*Recorded data:*
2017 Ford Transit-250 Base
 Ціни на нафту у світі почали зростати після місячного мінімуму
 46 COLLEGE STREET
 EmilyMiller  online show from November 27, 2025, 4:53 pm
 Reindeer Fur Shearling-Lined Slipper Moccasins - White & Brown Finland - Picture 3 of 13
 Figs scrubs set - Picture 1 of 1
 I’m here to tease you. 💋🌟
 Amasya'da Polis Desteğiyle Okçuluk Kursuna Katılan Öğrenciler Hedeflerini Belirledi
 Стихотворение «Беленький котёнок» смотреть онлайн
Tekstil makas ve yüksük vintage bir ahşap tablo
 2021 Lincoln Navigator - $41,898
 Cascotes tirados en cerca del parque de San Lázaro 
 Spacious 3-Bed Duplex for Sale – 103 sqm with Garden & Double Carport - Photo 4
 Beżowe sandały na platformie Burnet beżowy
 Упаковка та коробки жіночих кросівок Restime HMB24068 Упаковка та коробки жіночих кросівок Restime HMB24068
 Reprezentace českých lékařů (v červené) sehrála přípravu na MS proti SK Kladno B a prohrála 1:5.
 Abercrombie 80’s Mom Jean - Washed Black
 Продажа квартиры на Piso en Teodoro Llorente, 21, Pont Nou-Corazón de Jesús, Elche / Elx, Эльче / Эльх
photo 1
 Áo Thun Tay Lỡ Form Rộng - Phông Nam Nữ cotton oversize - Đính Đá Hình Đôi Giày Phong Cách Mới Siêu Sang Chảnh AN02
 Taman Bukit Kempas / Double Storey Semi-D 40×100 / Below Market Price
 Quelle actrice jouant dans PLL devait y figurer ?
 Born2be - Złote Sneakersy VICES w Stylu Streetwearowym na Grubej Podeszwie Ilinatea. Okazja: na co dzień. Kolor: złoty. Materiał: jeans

*What the exercise asks:*
Identify each line of the material where the word "Picture" shows up, and copy it.

*Expected answer:*
 Reindeer Fur Shearling-Lined Slipper Moccasins - White & Brown Finland - Picture 3 of 13
 Figs scrubs set - Picture 1 of 1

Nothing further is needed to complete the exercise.